Me ocurre a veces cuando paso unos cuantos días fuera de casa: me doy cuenta del valor de lo cotidiano.
El ruido de la lavadora mientras cocino; regar mis pobres plantas; buscar de nuevo desde mi sofá entre los canales de la tele con la conocida sensación de hastío; pasear por mi calle, la de siempre; leer al sol en la butaca que ya tiene mi forma; la cerveza con mis amigos en la que la charla deriva hacia lo de siempre, con el mismo tono burlón en el que una se sabe a salvo…

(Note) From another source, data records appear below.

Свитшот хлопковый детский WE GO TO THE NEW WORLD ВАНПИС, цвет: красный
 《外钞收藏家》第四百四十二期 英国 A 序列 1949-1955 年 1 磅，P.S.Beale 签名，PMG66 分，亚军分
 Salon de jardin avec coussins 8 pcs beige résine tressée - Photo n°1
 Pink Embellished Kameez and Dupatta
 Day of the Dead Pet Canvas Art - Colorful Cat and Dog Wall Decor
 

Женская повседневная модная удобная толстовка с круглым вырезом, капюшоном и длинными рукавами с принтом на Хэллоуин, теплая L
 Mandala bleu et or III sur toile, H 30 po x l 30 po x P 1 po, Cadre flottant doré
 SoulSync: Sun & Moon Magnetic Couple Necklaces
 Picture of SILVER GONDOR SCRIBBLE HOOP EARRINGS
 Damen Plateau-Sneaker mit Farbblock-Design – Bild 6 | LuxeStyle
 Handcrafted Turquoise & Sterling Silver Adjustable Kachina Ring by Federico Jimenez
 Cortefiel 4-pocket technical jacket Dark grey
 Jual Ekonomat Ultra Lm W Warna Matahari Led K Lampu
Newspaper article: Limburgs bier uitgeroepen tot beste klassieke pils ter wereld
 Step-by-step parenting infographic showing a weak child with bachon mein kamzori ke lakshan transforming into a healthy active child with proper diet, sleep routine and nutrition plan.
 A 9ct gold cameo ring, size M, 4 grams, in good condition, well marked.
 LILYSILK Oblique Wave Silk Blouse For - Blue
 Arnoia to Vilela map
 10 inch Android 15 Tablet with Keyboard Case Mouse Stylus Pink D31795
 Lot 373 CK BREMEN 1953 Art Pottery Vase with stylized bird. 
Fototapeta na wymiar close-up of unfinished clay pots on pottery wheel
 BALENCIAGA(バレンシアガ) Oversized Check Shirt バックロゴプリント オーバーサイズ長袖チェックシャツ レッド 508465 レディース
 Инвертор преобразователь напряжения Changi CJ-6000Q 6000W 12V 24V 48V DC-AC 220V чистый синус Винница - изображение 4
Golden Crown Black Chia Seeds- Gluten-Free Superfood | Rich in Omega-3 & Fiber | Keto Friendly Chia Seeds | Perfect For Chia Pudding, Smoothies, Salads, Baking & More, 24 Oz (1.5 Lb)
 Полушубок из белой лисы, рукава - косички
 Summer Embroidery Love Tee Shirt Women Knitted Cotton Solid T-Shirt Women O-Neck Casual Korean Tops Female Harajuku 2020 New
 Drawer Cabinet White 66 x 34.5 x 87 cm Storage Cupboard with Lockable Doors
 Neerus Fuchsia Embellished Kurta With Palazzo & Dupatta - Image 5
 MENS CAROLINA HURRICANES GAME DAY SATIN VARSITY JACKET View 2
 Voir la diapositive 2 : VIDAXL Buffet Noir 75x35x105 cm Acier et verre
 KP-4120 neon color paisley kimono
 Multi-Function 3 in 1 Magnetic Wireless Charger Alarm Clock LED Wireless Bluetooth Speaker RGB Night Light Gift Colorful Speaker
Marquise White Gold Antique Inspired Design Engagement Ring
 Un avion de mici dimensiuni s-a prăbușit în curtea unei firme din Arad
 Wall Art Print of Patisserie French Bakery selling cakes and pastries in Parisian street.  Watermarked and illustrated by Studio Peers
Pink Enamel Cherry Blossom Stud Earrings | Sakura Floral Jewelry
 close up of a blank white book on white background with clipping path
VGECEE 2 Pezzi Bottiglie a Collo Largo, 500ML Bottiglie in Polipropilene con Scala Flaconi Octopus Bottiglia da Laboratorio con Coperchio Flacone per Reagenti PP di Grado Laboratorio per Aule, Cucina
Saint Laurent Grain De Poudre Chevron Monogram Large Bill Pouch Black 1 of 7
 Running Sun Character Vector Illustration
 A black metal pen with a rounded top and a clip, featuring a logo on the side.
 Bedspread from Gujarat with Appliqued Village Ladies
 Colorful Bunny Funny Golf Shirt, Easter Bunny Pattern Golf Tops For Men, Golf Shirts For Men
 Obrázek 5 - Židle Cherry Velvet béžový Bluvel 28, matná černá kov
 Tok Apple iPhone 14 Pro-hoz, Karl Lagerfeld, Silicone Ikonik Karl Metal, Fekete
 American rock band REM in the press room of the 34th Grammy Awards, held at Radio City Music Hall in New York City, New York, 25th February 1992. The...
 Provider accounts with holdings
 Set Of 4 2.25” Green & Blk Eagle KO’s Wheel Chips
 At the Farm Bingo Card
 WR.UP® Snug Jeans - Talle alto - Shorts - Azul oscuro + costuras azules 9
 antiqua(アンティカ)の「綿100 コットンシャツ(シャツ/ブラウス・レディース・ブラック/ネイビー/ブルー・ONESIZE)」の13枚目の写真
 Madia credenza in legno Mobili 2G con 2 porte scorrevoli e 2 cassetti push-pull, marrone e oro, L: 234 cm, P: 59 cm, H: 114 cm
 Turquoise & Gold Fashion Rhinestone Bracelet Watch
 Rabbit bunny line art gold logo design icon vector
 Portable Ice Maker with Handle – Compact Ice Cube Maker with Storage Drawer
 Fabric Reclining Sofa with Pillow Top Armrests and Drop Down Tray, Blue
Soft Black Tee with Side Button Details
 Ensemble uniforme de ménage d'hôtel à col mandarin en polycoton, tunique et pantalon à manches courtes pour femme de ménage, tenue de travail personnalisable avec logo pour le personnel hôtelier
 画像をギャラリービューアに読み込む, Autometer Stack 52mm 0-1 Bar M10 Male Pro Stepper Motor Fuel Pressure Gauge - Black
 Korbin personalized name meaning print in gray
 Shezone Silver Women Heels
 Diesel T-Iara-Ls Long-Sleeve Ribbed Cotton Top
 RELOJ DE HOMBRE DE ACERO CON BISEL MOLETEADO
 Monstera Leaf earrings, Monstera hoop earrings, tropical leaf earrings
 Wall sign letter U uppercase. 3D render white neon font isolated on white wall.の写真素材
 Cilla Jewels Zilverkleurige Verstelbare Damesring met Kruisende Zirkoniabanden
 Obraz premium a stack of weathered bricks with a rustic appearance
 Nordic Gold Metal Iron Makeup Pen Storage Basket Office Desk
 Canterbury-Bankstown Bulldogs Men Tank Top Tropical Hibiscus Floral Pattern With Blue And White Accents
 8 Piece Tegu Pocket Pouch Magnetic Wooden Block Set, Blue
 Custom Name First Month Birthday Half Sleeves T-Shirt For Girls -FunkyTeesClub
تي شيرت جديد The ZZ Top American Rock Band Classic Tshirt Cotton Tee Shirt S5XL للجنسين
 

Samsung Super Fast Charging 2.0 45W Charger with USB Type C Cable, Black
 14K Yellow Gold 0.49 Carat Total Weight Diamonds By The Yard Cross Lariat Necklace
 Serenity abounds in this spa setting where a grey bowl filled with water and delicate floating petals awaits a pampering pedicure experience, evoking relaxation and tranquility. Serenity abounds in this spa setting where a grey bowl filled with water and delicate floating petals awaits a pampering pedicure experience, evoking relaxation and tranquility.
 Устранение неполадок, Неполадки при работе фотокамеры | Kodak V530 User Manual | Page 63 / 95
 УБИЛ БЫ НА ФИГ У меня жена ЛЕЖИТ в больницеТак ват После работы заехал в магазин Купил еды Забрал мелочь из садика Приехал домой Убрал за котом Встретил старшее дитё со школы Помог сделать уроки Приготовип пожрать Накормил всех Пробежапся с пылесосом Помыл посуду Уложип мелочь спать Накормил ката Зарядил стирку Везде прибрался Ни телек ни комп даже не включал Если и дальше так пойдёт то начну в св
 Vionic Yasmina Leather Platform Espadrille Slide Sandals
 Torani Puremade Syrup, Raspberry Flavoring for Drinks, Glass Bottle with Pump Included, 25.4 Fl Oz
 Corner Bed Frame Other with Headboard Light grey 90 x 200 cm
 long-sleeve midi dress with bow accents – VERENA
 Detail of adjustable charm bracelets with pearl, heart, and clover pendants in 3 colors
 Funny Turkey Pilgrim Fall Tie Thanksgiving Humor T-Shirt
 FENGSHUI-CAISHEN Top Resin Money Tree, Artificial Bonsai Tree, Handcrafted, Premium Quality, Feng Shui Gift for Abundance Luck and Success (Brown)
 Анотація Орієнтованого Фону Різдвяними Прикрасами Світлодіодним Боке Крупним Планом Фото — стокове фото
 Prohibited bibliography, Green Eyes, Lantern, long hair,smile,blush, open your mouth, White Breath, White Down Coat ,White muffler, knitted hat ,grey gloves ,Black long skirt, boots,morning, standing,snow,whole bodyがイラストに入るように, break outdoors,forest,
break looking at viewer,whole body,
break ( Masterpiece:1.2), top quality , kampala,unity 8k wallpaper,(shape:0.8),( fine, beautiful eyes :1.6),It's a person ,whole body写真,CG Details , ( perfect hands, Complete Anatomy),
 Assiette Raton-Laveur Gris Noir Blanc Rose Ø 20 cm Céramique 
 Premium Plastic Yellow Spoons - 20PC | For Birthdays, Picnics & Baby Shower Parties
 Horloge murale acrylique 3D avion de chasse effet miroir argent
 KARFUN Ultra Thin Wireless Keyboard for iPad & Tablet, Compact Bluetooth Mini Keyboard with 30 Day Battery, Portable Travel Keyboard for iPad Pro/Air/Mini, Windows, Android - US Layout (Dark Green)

Y así, entre lo cotidiano, siento que es esto lo que me configura, lo que me hace ser quien soy. Esas pequeñas elecciones del día a día, que te van dando forma apenas sin darte cuenta. Esas cosas, esos sitios, esas gentes que vuelves a ver con brillo renovado, sabiéndolas tuyas, consciente de que las elegiste y vuelves a elegirlas con tino. Contestando, sin advertirlo, a preguntas fundamentales: ¿dónde? ¿cómo? ¿con quién?…
Cayendo en la cuenta de que en lo ordinario está lo importante y estás tú misma.
Ya sabes, vete para volver a lo de siempre y verlo nuevo.